WHAT TO DO:
Each record below needs to be set down again exactly.

Stored dataset items:
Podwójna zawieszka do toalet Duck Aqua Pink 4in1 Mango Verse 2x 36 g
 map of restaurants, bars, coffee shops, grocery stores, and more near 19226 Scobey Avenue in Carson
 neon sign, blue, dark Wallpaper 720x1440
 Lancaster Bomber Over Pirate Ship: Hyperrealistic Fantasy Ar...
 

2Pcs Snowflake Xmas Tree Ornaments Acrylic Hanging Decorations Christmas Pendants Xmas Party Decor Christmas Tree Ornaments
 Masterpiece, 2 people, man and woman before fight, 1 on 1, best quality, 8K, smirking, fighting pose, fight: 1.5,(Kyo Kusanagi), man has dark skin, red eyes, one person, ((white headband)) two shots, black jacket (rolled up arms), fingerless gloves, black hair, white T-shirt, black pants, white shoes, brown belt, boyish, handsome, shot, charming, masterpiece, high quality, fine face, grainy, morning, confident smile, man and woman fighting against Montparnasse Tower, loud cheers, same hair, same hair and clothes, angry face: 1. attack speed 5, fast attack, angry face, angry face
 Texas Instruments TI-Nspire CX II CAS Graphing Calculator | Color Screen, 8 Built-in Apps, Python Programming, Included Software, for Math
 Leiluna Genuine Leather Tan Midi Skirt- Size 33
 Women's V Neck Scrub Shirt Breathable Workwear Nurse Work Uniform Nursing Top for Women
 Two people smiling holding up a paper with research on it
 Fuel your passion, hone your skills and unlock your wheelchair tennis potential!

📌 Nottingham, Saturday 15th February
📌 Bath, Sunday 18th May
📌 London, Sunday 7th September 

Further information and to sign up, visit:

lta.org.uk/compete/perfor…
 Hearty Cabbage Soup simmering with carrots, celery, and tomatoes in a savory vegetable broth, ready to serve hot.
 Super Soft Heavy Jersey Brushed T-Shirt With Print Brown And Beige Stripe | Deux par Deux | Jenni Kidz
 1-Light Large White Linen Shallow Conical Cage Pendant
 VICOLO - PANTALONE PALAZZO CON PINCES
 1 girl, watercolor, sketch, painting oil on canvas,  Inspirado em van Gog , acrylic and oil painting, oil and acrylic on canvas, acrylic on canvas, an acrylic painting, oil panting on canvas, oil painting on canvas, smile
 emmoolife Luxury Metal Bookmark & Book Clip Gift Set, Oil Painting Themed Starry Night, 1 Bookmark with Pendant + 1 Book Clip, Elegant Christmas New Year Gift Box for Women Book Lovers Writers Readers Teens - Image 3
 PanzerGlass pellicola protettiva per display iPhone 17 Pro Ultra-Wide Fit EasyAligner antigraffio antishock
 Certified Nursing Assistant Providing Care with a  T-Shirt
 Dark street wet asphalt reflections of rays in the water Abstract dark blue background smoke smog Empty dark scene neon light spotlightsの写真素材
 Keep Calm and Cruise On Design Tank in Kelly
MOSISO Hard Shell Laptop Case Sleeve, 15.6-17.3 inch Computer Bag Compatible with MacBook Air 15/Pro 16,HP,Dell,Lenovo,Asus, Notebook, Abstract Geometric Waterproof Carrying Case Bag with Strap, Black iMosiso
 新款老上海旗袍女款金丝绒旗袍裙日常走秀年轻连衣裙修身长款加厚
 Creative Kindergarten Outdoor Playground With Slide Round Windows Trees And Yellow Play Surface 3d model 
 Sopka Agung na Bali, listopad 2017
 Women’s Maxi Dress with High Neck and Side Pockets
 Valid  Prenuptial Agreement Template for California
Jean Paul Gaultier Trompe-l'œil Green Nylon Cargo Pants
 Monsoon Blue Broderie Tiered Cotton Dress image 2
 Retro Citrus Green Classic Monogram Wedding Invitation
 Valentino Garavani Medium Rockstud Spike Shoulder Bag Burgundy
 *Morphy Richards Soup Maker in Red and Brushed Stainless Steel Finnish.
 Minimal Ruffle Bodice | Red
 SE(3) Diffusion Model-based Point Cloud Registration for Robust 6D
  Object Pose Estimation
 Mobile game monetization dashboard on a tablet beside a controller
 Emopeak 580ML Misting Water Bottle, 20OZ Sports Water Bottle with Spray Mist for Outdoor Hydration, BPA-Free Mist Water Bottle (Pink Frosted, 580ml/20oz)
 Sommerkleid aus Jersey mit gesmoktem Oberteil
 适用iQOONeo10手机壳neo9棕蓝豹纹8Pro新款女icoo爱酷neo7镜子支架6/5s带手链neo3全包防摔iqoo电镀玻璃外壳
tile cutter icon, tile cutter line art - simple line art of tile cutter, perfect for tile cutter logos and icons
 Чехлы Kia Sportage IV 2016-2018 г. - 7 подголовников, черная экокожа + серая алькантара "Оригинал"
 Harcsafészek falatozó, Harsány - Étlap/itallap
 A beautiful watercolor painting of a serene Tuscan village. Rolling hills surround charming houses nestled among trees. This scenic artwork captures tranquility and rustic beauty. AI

EXPECTED OUTPUT:
Podwójna zawieszka do toalet Duck Aqua Pink 4in1 Mango Verse 2x 36 g
 map of restaurants, bars, coffee shops, grocery stores, and more near 19226 Scobey Avenue in Carson
 neon sign, blue, dark Wallpaper 720x1440
 Lancaster Bomber Over Pirate Ship: Hyperrealistic Fantasy Ar...
 

2Pcs Snowflake Xmas Tree Ornaments Acrylic Hanging Decorations Christmas Pendants Xmas Party Decor Christmas Tree Ornaments
 Masterpiece, 2 people, man and woman before fight, 1 on 1, best quality, 8K, smirking, fighting pose, fight: 1.5,(Kyo Kusanagi), man has dark skin, red eyes, one person, ((white headband)) two shots, black jacket (rolled up arms), fingerless gloves, black hair, white T-shirt, black pants, white shoes, brown belt, boyish, handsome, shot, charming, masterpiece, high quality, fine face, grainy, morning, confident smile, man and woman fighting against Montparnasse Tower, loud cheers, same hair, same hair and clothes, angry face: 1. attack speed 5, fast attack, angry face, angry face
 Texas Instruments TI-Nspire CX II CAS Graphing Calculator | Color Screen, 8 Built-in Apps, Python Programming, Included Software, for Math
 Leiluna Genuine Leather Tan Midi Skirt- Size 33
 Women's V Neck Scrub Shirt Breathable Workwear Nurse Work Uniform Nursing Top for Women
 Two people smiling holding up a paper with research on it
 Fuel your passion, hone your skills and unlock your wheelchair tennis potential!

📌 Nottingham, Saturday 15th February
📌 Bath, Sunday 18th May
📌 London, Sunday 7th September 

Further information and to sign up, visit:

lta.org.uk/compete/perfor…
 Hearty Cabbage Soup simmering with carrots, celery, and tomatoes in a savory vegetable broth, ready to serve hot.
 Super Soft Heavy Jersey Brushed T-Shirt With Print Brown And Beige Stripe | Deux par Deux | Jenni Kidz
 1-Light Large White Linen Shallow Conical Cage Pendant
 VICOLO - PANTALONE PALAZZO CON PINCES
 1 girl, watercolor, sketch, painting oil on canvas,  Inspirado em van Gog , acrylic and oil painting, oil and acrylic on canvas, acrylic on canvas, an acrylic painting, oil panting on canvas, oil painting on canvas, smile
 emmoolife Luxury Metal Bookmark & Book Clip Gift Set, Oil Painting Themed Starry Night, 1 Bookmark with Pendant + 1 Book Clip, Elegant Christmas New Year Gift Box for Women Book Lovers Writers Readers Teens - Image 3
 PanzerGlass pellicola protettiva per display iPhone 17 Pro Ultra-Wide Fit EasyAligner antigraffio antishock
 Certified Nursing Assistant Providing Care with a  T-Shirt
 Dark street wet asphalt reflections of rays in the water Abstract dark blue background smoke smog Empty dark scene neon light spotlightsの写真素材
 Keep Calm and Cruise On Design Tank in Kelly
MOSISO Hard Shell Laptop Case Sleeve, 15.6-17.3 inch Computer Bag Compatible with MacBook Air 15/Pro 16,HP,Dell,Lenovo,Asus, Notebook, Abstract Geometric Waterproof Carrying Case Bag with Strap, Black iMosiso
 新款老上海旗袍女款金丝绒旗袍裙日常走秀年轻连衣裙修身长款加厚
 Creative Kindergarten Outdoor Playground With Slide Round Windows Trees And Yellow Play Surface 3d model 
 Sopka Agung na Bali, listopad 2017
 Women’s Maxi Dress with High Neck and Side Pockets
 Valid  Prenuptial Agreement Template for California
Jean Paul Gaultier Trompe-l'œil Green Nylon Cargo Pants
 Monsoon Blue Broderie Tiered Cotton Dress image 2
 Retro Citrus Green Classic Monogram Wedding Invitation
 Valentino Garavani Medium Rockstud Spike Shoulder Bag Burgundy
 *Morphy Richards Soup Maker in Red and Brushed Stainless Steel Finnish.
 Minimal Ruffle Bodice | Red
 SE(3) Diffusion Model-based Point Cloud Registration for Robust 6D
  Object Pose Estimation
 Mobile game monetization dashboard on a tablet beside a controller
 Emopeak 580ML Misting Water Bottle, 20OZ Sports Water Bottle with Spray Mist for Outdoor Hydration, BPA-Free Mist Water Bottle (Pink Frosted, 580ml/20oz)
 Sommerkleid aus Jersey mit gesmoktem Oberteil
 适用iQOONeo10手机壳neo9棕蓝豹纹8Pro新款女icoo爱酷neo7镜子支架6/5s带手链neo3全包防摔iqoo电镀玻璃外壳
tile cutter icon, tile cutter line art - simple line art of tile cutter, perfect for tile cutter logos and icons
 Чехлы Kia Sportage IV 2016-2018 г. - 7 подголовников, черная экокожа + серая алькантара "Оригинал"
 Harcsafészek falatozó, Harsány - Étlap/itallap
 A beautiful watercolor painting of a serene Tuscan village. Rolling hills surround charming houses nestled among trees. This scenic artwork captures tranquility and rustic beauty. AI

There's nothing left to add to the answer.